My mind stretches beyond armed forces and and touches the poets, Christopher Okigbo, Steve Biko, Patrice Lumumba… who would begin exactly where they left off were they to return. In short, my remembrances are marred by disappointments, failed struggles, and a curiosity to know whether it’s ever worth it, something I’d like to believe and find comforting. I go through pictures of the countries honoring this day: Barbados, Canada, Australia, Kenya, India, Britain, Mauritius, USA, South Africa, Belgium, France, Poland, and several others. I see the wreaths, poppies, flags, parades. Although I believe in defending one’s shores gallantly, I can’t help but wonder whether this notion of armed forces as heroes isn’t taken too far. Whether we aren’t all heroes one way or another, even if some of us may never get to hold a gun, to march to the front line. Tina Turner’s, “We Don’t Need Another Hero” begins to play but is soon put out by Roy Arundhati talking about the Maoists who are defending the woods and land they’ve lived on for centuries, against armed forces of India and the corporate class that wants to mine.
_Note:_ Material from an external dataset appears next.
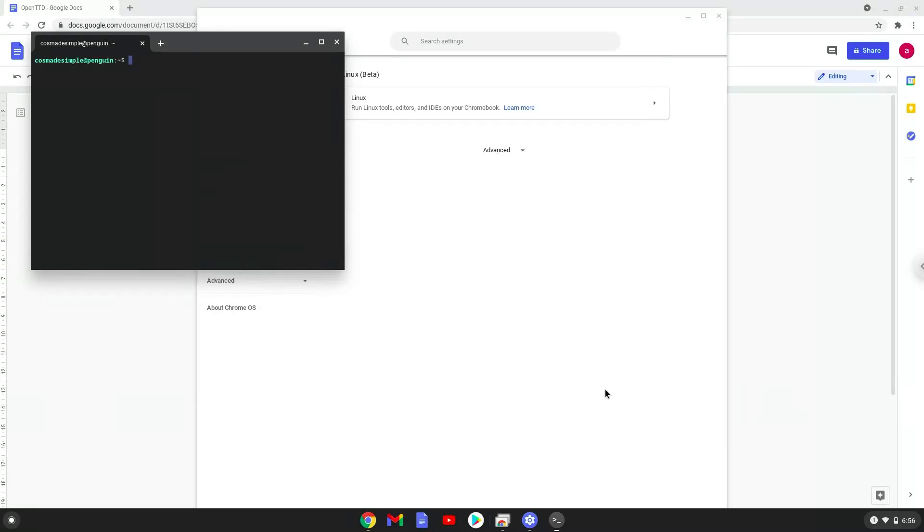Now that we have enabled Linux apps on our system, we will continue to the next step, which is to run several commands in a terminal, which will install OpenTTD. All the commands are in the video description.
Joni Mitchell’s, “Yellow Taxi” song brings the message home: Paved paradise and put up a packing lot…
Maybe we need another day to remember all those killed by armed forces–the children, the women, those left behind. My mind is becoming a war zone, filled with voices. This isn’t supposed to be happening especially when I’m trying to have a moment of silence remembering the…my eyes fall on Devotions, Bruce Smith’s sixth collection of poems that I’ve been reading this month. That’s when things make sense. It occurs to me yesterday’s today’s and tomorrow’s remembrances are about Devotions. A mix of heroism, sacrifice and duty, yes, but above all, Devotion. We see it in soldiers, in the oppressed fighting still, in the poor continuing to hope and dream and act upon their dreams. We see it in mothers and fathers and children and weapons of resistance, poets, writers, we see it in people defending what belongs to them. Whether they live or die, it’s always worth it.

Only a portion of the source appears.